**Problem statement**
Skip the pictures and retype exactly the lines from the one holding "Stephen Hawking muốn" through the end of the entries.

**Task inputs**
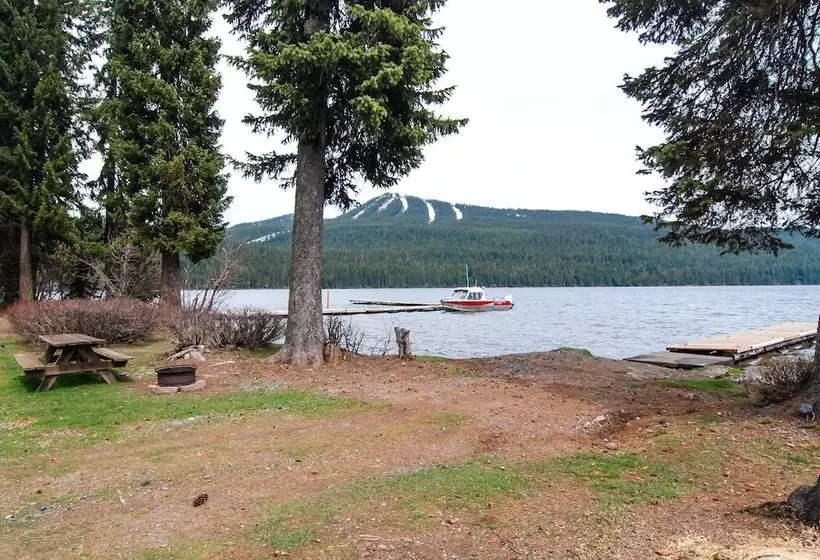 Hotelli Shelter Cove Resort & Marina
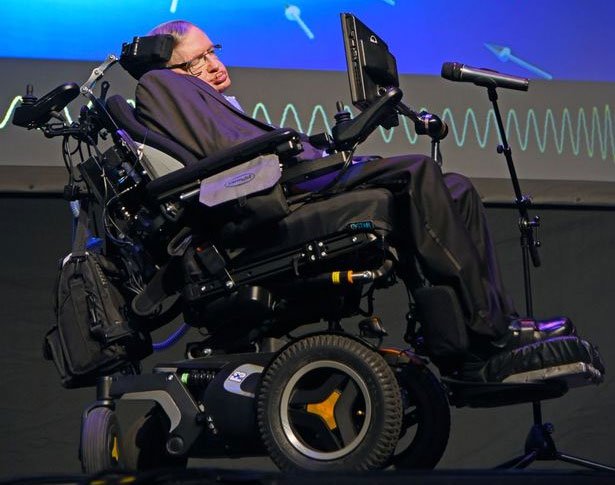 Stephen Hawking muốn chế tàu vũ trụ bay tới Trái Đất thứ hai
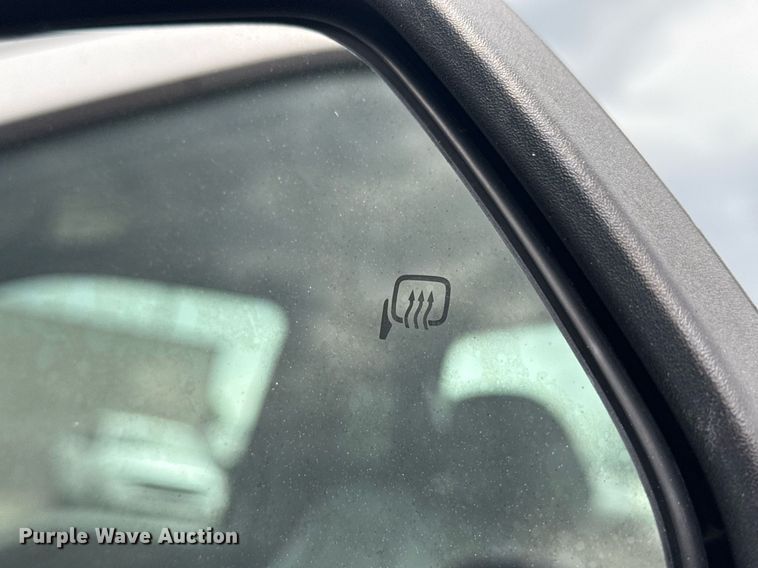 image for item EG5977 2018 Ford F550 Super Duty bucket truck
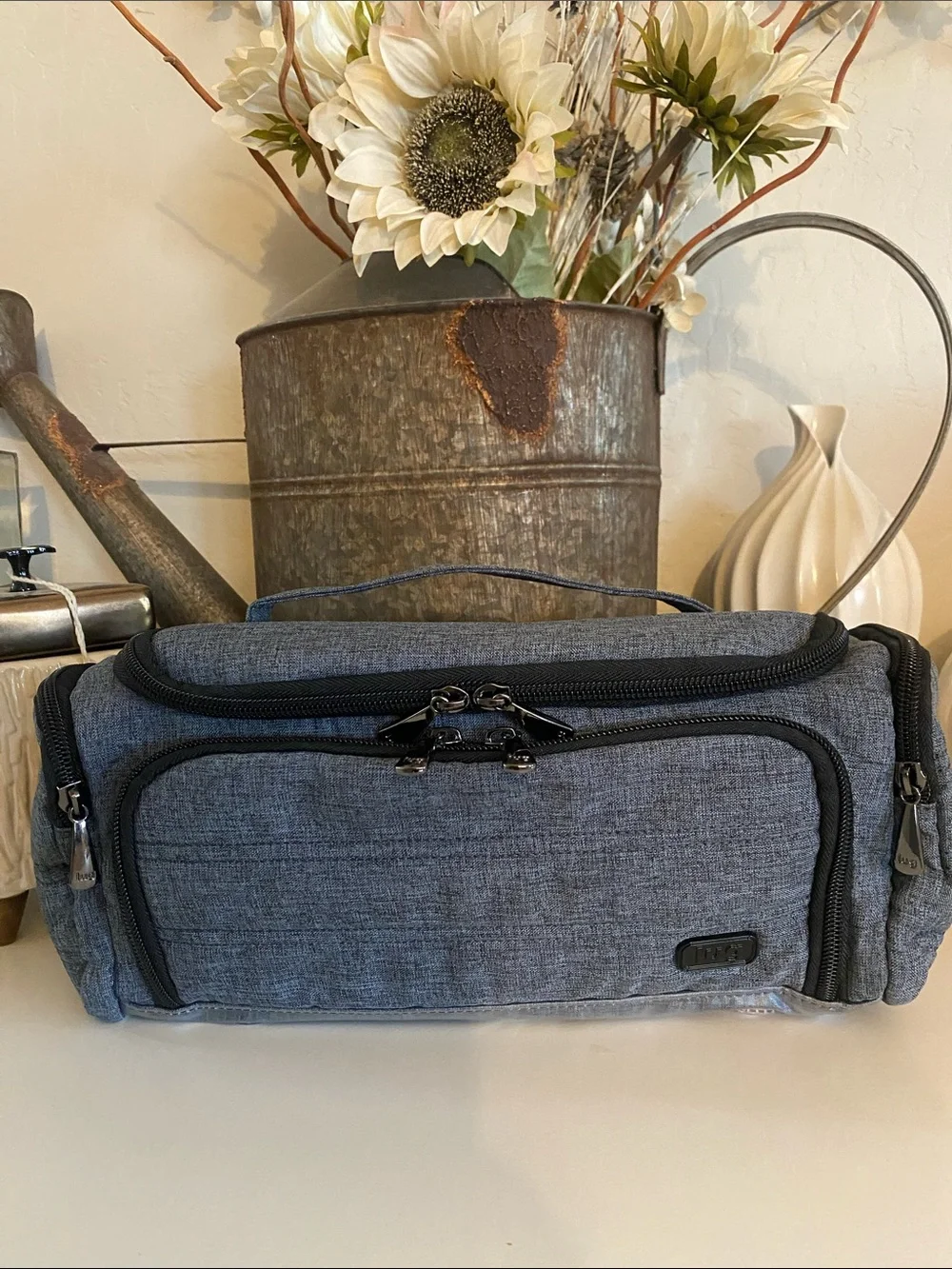BNWNT Lug Trolley Gray Quilted Organizer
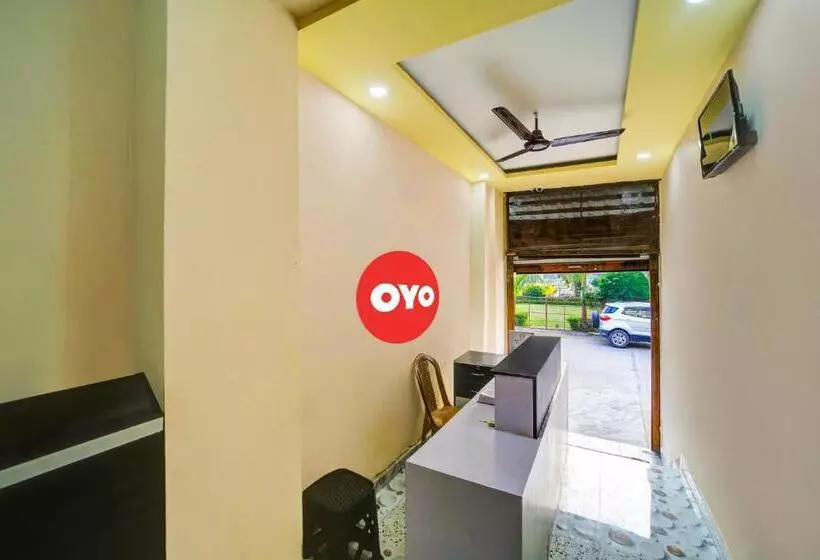 Oyo Hotel New Braj Palace And Restaurant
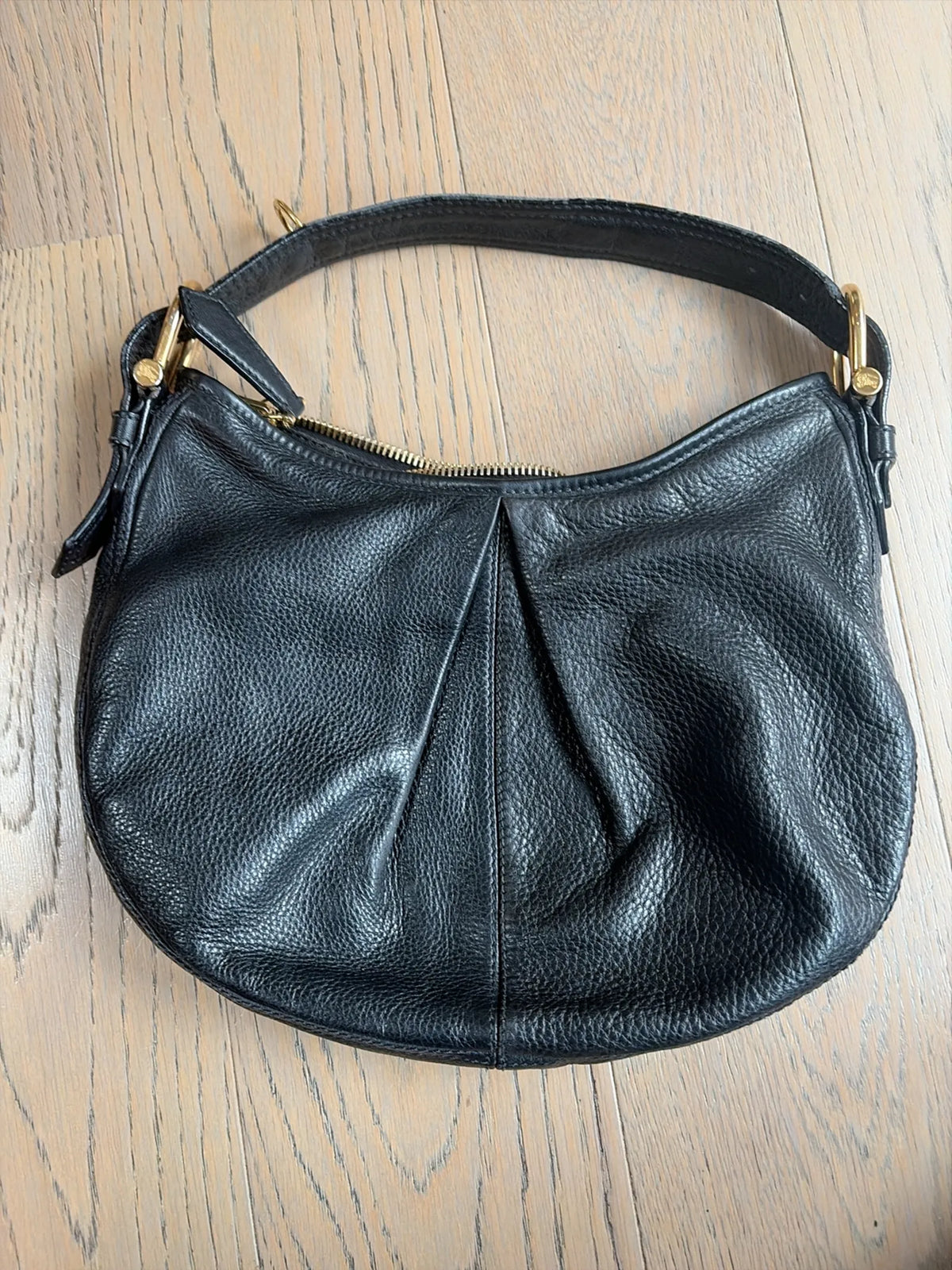 Burberry Malika Hobo-skinnaxelremsväska
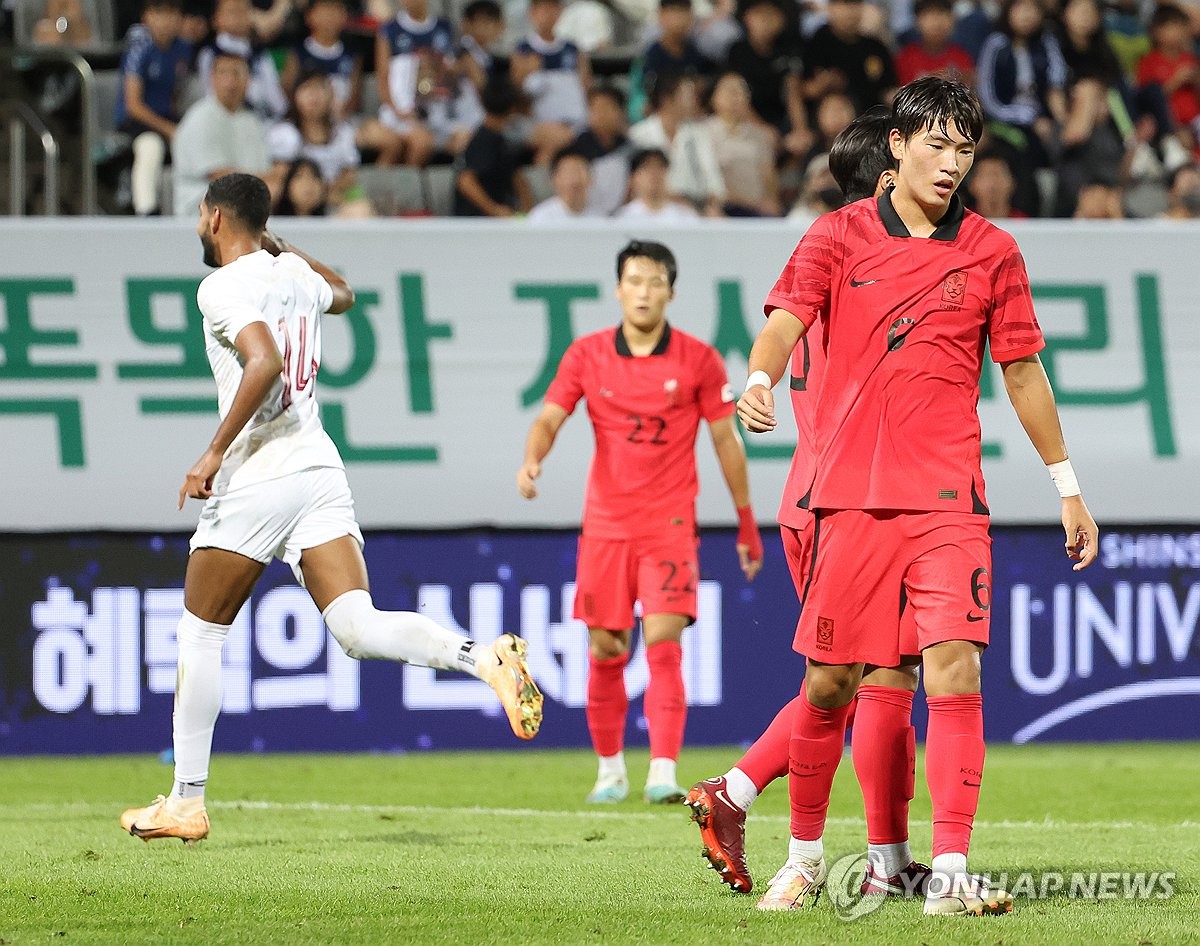 South Korean players (in red) react to a goal by Qatar during the teams' Group B match in the qualification tournament for the 2024 Asian Football Confederation U-23 Asian Cup at Changwon Football Center in the southeastern city of Changwon on Sept. 6, 2023. (Yonhap)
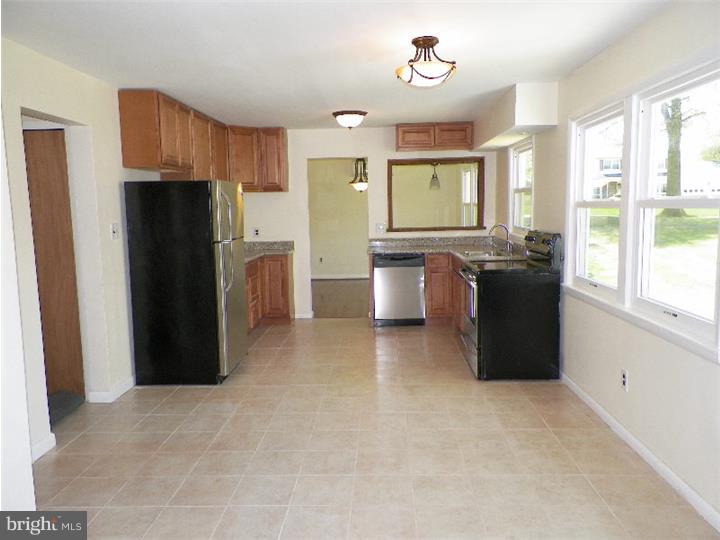 83 Harmony Road Mickleton, NJ 08056 - Photo 7 of 22 Kitchen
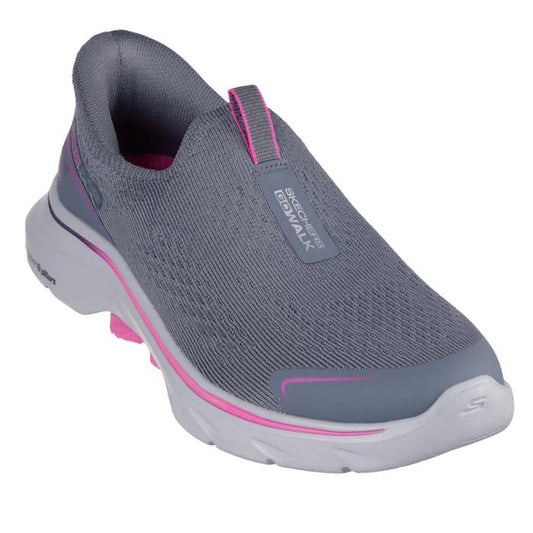 A Skechers Safari Go Walk 7 women's slip-on walking shoe in gray and pink, featuring a knit upper and a Skechers logo on the side.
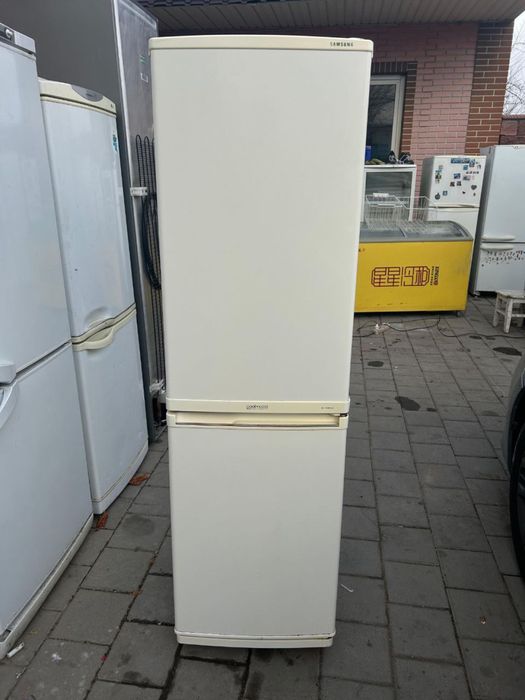 Холодильник с доставкой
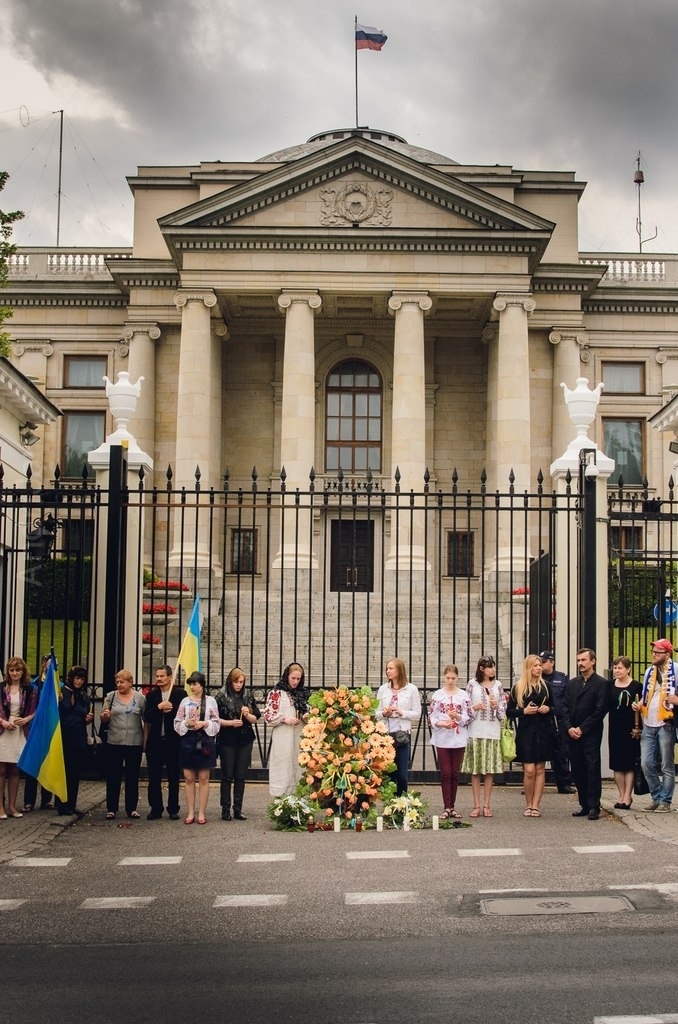Фотофакт: Похоронні вінки до Посольства РФ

**Completed task**
 Stephen Hawking muốn chế tàu vũ trụ bay tới Trái Đất thứ hai
 image for item EG5977 2018 Ford F550 Super Duty bucket truck
BNWNT Lug Trolley Gray Quilted Organizer
 Oyo Hotel New Braj Palace And Restaurant
 Burberry Malika Hobo-skinnaxelremsväska
 South Korean players (in red) react to a goal by Qatar during the teams' Group B match in the qualification tournament for the 2024 Asian Football Confederation U-23 Asian Cup at Changwon Football Center in the southeastern city of Changwon on Sept. 6, 2023. (Yonhap)
 83 Harmony Road Mickleton, NJ 08056 - Photo 7 of 22 Kitchen
 A Skechers Safari Go Walk 7 women's slip-on walking shoe in gray and pink, featuring a knit upper and a Skechers logo on the side.
 Холодильник с доставкой
Фотофакт: Похоронні вінки до Посольства РФ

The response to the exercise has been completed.